Kamis, 06 November 2008

Culinary taste of California

What are the factors that make California such a delightful place to dine (and grocery shop)? Location, location, location. No other state in the union cultivates like the Golden State; in fact, California’s farmers produce over half the country’s fruit and vegetables on just a measly 3 percent of its farmland. Almonds, olives, lemons, artichokes, all kinds of cruciferous and cabbagey vegetables, figs, dates, and truckloads of grapes and tomatoes are just some of the commercially produced goodies that thrive in the state’s mellow Mediterranean climate. But California’s cuisine is greater than the sum of its parts. Along with a rich pantry, immigration has affected what and how Californians and its visitors eat. In Northern California, the Gold Rush attracted an enormous number of Chinese from Canton Province, who stayed to work on the railroad and eventually settled into Chinatowns throughout the state.
Chinese eateries opened to feed the largely male population, but by the 1920s, adventuresome Anglos found it fashionable to give Chinese food a try, and soon you could sample chop suey in every city, big or small. In Southern California, Latino immigrants brought their influence to bear, introducing unfamiliar spices and changing the tastes of a population to such an extent that fast food today means tacos and burritos as much as hamburgers and fries. Los Angeles, in fact, can make its strongest claim to culinary fame (beyond the first and still champion celebrity chef, the highly influential Wolfgang Puck of iconic Spago in Beverly Hills) courtesy of its many hole-in-the-wall ethnic restaurants. Reflecting the dozens (if not hundreds) of cultures that have settled in the area, the curious can nosh on Armenian, Nicaraguan, Oaxacan, Ethiopian, Issan Thai, Romanian, Hungarian, and more — a veritable United Nations of dining experiences, and many of them within just a few blocks of each other. And that’s not even discussing California rolls, which regrettably (in the minds of some purists) forever changed sushieating from a meditative consideration on a choice slice of fish to a circus stunt wrapped in seaweed. And Nancy Silverton’s La Brea Bakery, originally just a local bread shop, seems to have survived the low-carb phase just fine, bringing the gospel of artisanal bread to restaurants and supermarkets across the country.

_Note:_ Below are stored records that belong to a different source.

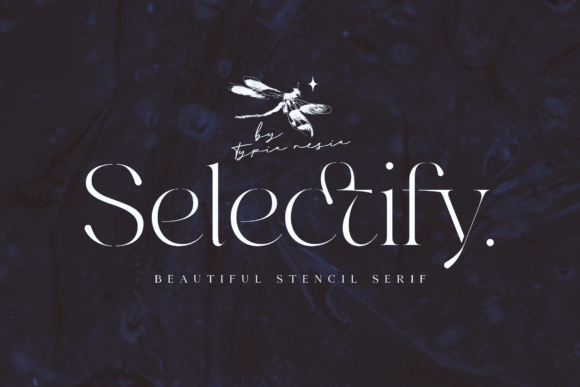 Selectify: The Elegant Serif Font for Polished Branding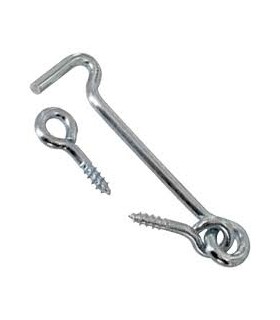 Crochet contrevent acier 4x80mm x3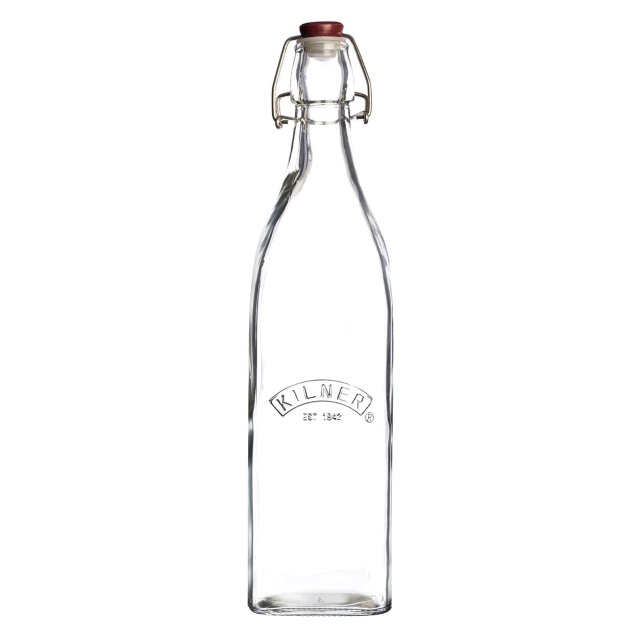 Glassflaske med klemme, 1L - Kilner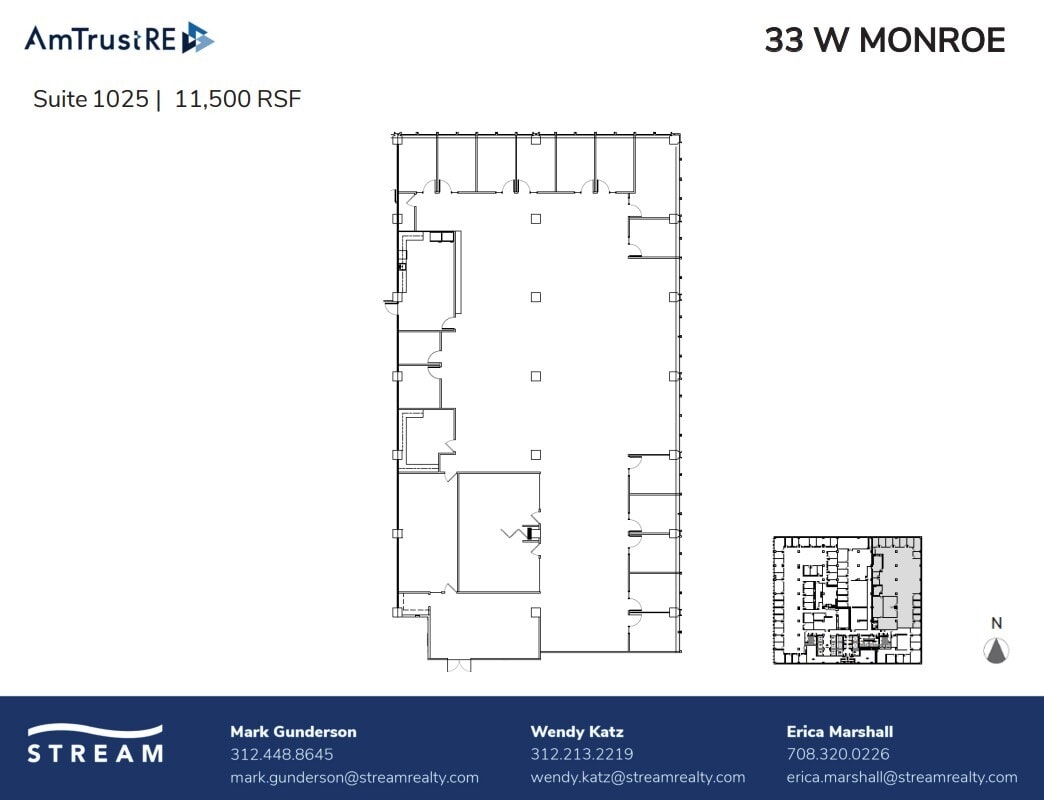 33 W Monroe St, Chicago, IL à louer Plan d’étage– Image 1 sur 1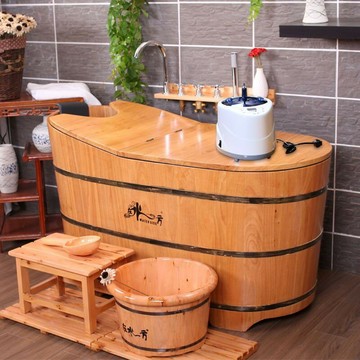 免運/公司貨 浴桶 木桶 橡木熏蒸泡澡木桶成人浴桶實木浴缸洗澡盆大人全身沐浴泡澡桶家用 可開發票 全館五折 工廠現貨直銷 新品特價 z11041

Perhaps the greatest modern influence on how tuned-in Californians eat can be traced to food gurus such as Alice Waters. Her restaurant, Berkeley-based Chez Panisse, began as an outgrowth of Waters’s desire to feed her friends and became a philosophical training ground for many of today’s important chefs. Like French cooks — and Waters was profoundly changed by a year living in Paris — she is interested not in the quantity or cost of ingredients, but strictly in quality and freshness. In Berkeley, Waters created an infrastructure in which her restaurant is dependent on a cadre of small farmers, and vice versa. It wasn’t enough, however, to provide customers with the tastiest heirloom tomatoes and organic baby lettuces: the breads must be as delicious and fresh; the meats must be sourced from trusted ranchers; the cheese should complement the fruits and come from local producers as well. So along with a generation of restaurateurs, Chez Panisse inspired such robust local-artisan producers as Acme Bread and Cowgirl Creamery. California cuisine — which is really about showcasing the flavors of locally grown, seasonal bounty at its peak — has spread throughout and beyond California, thanks to Waters and to the chefs who have made her vision their own.